I once worked for a stupid boss. Gee, welcome to the world, you are thinking. Sure. Well, I never knew what sort of mood this overseer would be in, when I phoned him on the other side of the world. He would pour his venom about life down the phone to me, at expensive cellphone rates that he would later pay for.

But I had learnt my verses from Ecclesiastes. Here they are;

Do not be a hurry to leave him. Do not join in an evil matter, for he will do whatever he pleases. Since the word of the Boss is authoritative, who will say to him, “What are you doing?”

He who keeps the Bosses command experiences no trouble for a wise heart knows the proper time and procedure. For there is a proper time and procedure for every delight, when a man’s trouble is heavy upon him.

I know, I changed the word ‘King’ to ‘Boss.’ But my point is, I learnt to shut up and let him get his anger out of the way. Eventually he would realise he had been monologuing all this time, and he would ask, “Oh, how is so and so going?”

And then I had my moment to bring out what was really troubling the huge project we were working on for him. If I had done it earlier I would have been crushed. He taught me how to use time.

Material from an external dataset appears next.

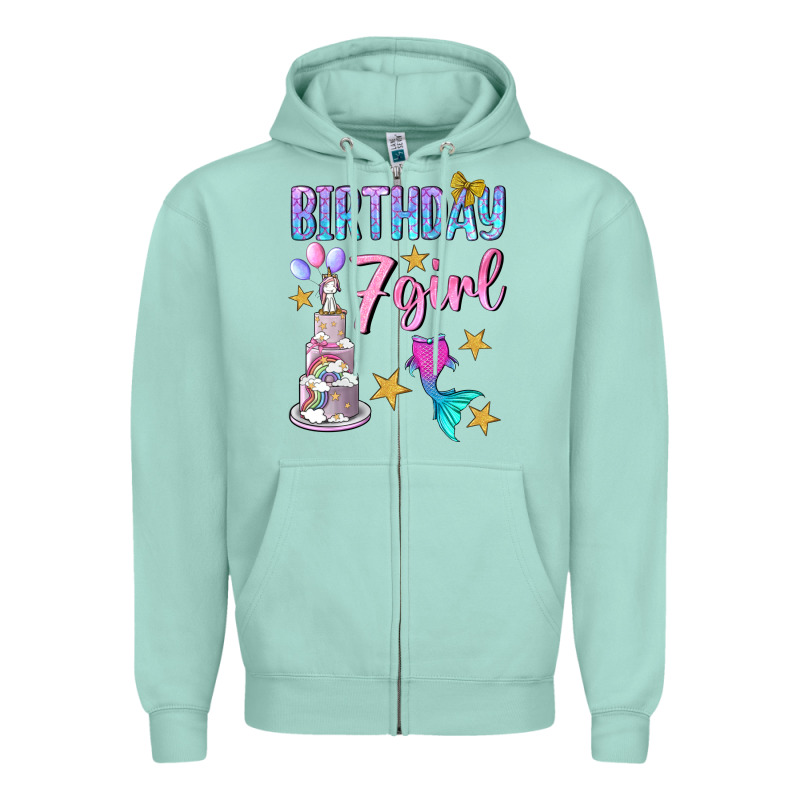 Birthday Girl 7 Zipper Hoodie by BundleAndBundleShop | Teevron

If you want to, you can see how simple rules of timing work. Like speaking last if you want to succeed. Have you ever seen others influence business decision meetings, even though their ideas are not that good? Somehow they know how to wait for the right moment. You might have had a better solution, but theirs prevailed because your timing in presenting yours was wrong. You can even get to the point where you are questioning the others in the decision making group about their ideas, quizzing them until they betray the flaws in their own thinking, all the while knowing you have a solution. Then silence starts to descend on the meeting. You casually mention your idea. As an option to consider. Your chances of acceptance are close to total.

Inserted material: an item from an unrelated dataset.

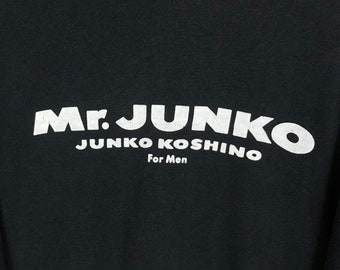 Vintage Mr Junko by Junko Koshino For Men Crewneck Sweatshirt Pullover Spell Out Big Logo Made In Japan Japanese Brand Streetwear Size L Vintage Mr Junko by Junko Koshino For Men Crewneck Sweatshirt Pullover Spell Out Big Logo Made In Japan Japanese Brand Streetwear Size L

We can learn wisdom. We can learn that people want to be heard before they will hear you. Some people know it intuitively. They are the nice guys of the world. Often they are not that smart, but wow, are they nice. They get their way because of their niceness. The world opens up to them. Don’t despise them for this. Follow them around instead. Observe how they greet people, laugh at their jokes, remember their wife is having surgery next week and ask how the kids examinations went.

Took me decades to see it.

Sorry, not it. Her. Wisdom.

And you know what? I’m still not wise. Wisdom, this wonderful wild, unpredictable woman, is out there. Externally. Just that sometimes I can see her and listen to her. And other times I completely forget she exists.

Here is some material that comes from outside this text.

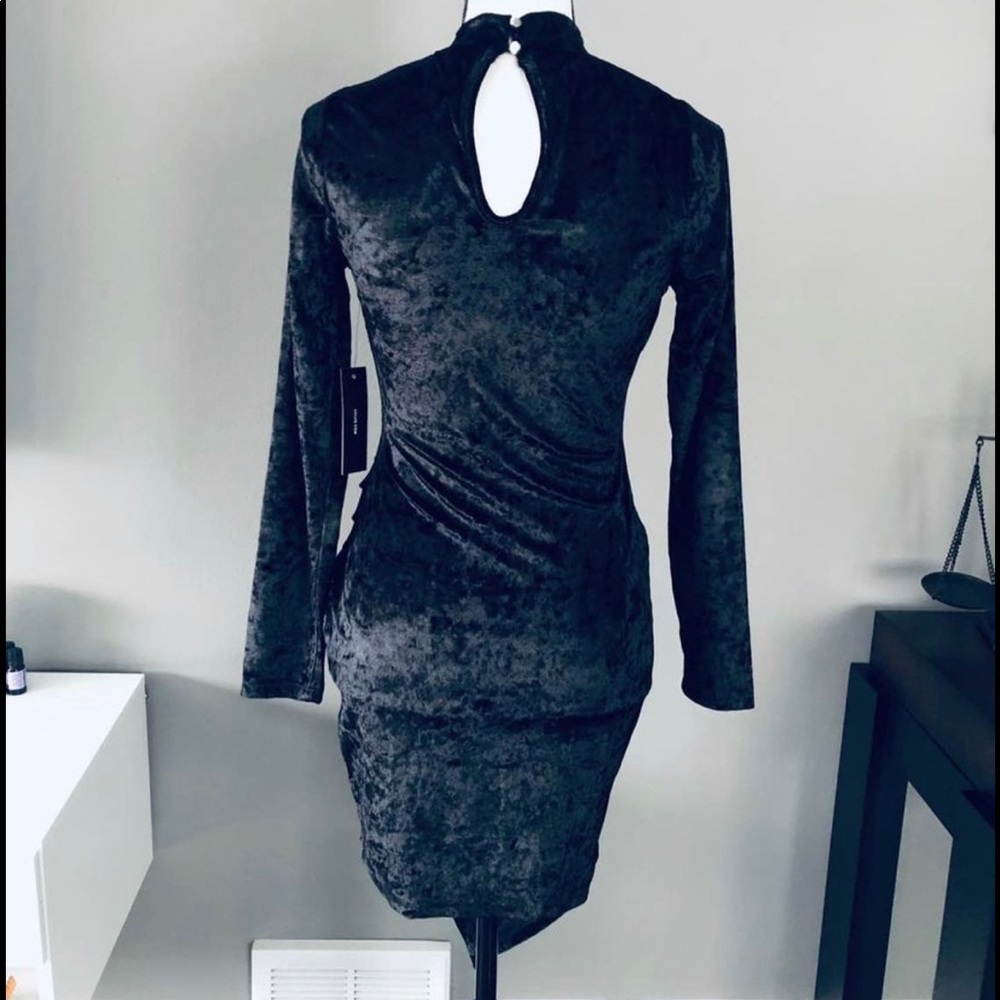 Black Velvet Dress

So in your next business meeting, lean back in your chair, and look around the room. Imagine Wisdom is sitting there, smiling at you.

She has always been there. She was at the freeway entrance this morning when you started to get hassled with the traffic. But you didn’t recognize her then. Then she was in the gas station as the friendly attendant came up. You wondered briefly how that attendant could be consistently happy with all these busy passing motorists. Fleetingly Wisdom flashed in and out of your sight.

And now you sit together with her watching the group dynamics of your workaday world unfold in front of you.